Task description: Please repeat the data exactly. Any picture in it stays out.

Given information:
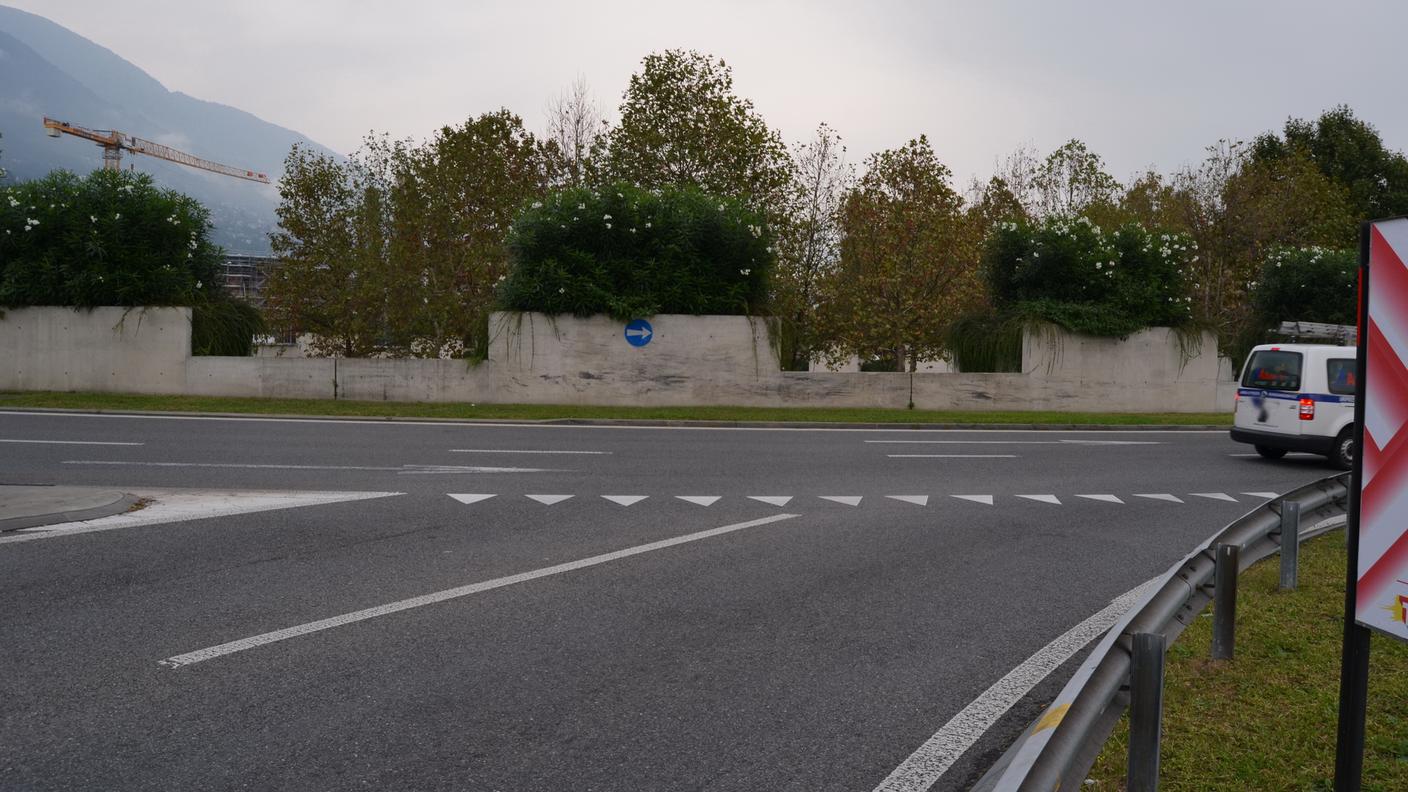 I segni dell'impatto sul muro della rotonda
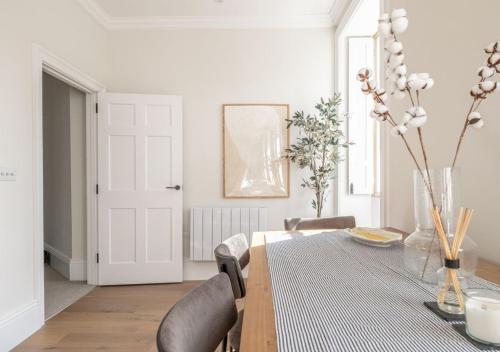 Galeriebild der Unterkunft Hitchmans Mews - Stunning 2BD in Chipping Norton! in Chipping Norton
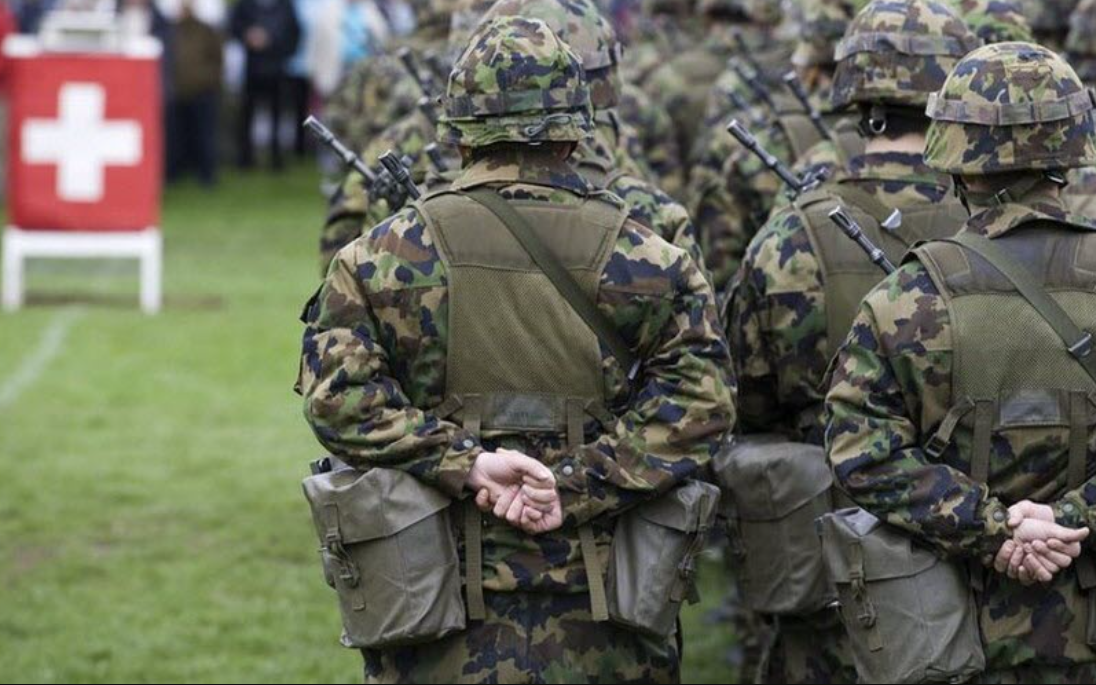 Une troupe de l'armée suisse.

Exercise response:
 I segni dell'impatto sul muro della rotonda
 Galeriebild der Unterkunft Hitchmans Mews - Stunning 2BD in Chipping Norton! in Chipping Norton
 Une troupe de l'armée suisse.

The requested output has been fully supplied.